As Goodwin explains, LBJ set to work on getting Wallace to allow greater voter registration for Black Americans in his State. LBJ finished up saying:

“I don’t want you to think about 1964, I want you to think about 1984. We’ll be dead and gone then. Now you got a lot of poor people down in Alabama, a lot of ignorant people, a lot of folks that need different jobs. You could do a lot for them, George, what do you want after you go? Do you want a great big, marble monument that says, “George Wallace: He built?” Or do you want little piece of scrawny pine laying there across the soil that says, “George Wallace: He hated.”
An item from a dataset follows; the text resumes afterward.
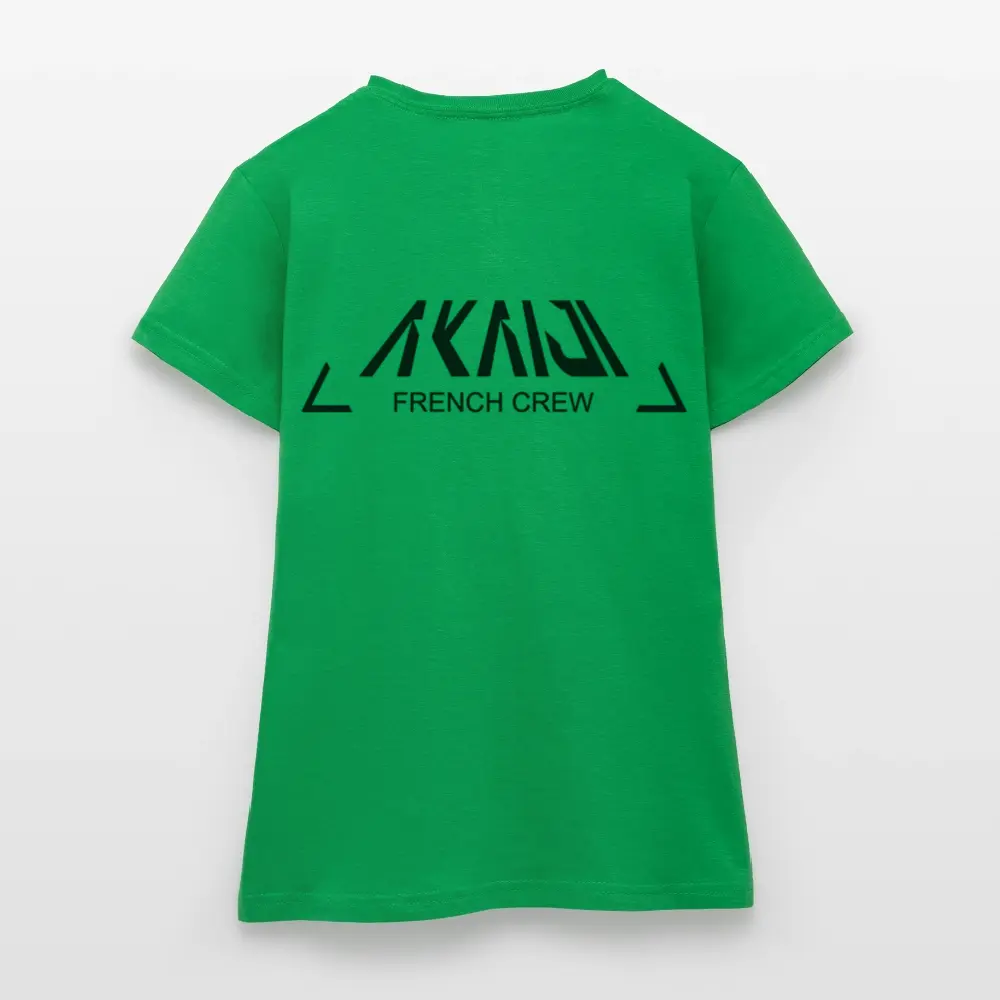 T-SHIRT FEMME AKAIJI LOGO NOIR - vert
LBJ gets up and leaves. Wallace is then given the statement Goodwin has prepared announcing what LBJ wants him to do. Wallace dutifully gives it to the press corps, later saying: “[If] He had me in there another hour, he [would have] had me coming out for civil rights.” He was incredibly overwhelming.

Though not remotely in the same league as LBJ in terms of ability, substance or persuasiveness, those who have met Boris Johnson remark on how effusively personable and charming he is face-to-face.

Like many modern politicians Boris Johnson hates to be hated. He desires to please and impress the person in front of him, be it by flattery or self-deprecation.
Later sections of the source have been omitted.